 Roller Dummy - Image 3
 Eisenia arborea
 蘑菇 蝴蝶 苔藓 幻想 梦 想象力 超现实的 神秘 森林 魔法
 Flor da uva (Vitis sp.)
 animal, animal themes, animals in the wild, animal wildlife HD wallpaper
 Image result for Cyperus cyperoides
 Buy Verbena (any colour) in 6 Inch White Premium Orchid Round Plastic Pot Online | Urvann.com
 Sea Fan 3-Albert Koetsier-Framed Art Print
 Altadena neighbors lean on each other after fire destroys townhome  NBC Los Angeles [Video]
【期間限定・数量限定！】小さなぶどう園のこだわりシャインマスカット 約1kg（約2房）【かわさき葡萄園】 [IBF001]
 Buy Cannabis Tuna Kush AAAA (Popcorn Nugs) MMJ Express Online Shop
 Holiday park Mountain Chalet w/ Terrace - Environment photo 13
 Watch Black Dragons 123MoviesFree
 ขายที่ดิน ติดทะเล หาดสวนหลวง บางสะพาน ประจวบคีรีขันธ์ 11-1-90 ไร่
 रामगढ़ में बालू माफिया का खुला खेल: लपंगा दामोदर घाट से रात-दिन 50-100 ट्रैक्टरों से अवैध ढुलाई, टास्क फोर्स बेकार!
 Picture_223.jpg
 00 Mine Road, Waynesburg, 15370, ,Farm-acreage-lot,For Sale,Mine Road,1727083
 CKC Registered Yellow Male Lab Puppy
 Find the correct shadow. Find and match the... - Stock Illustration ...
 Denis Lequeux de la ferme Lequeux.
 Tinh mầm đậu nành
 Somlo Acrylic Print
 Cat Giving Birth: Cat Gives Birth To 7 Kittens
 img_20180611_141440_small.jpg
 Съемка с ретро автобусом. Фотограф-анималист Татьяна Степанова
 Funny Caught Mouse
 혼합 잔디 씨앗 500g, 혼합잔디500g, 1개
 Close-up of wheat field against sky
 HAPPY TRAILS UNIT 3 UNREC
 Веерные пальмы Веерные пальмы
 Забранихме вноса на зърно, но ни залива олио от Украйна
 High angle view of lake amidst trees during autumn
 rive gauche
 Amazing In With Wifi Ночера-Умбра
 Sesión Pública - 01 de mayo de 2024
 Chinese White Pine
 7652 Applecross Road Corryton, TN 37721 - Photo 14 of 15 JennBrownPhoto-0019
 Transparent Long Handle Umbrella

# [THE PROBLEM]
Using the listing above, say how many of its lines include "Print", offering nothing besides the number.

# [EXPECTED OUTPUT]
2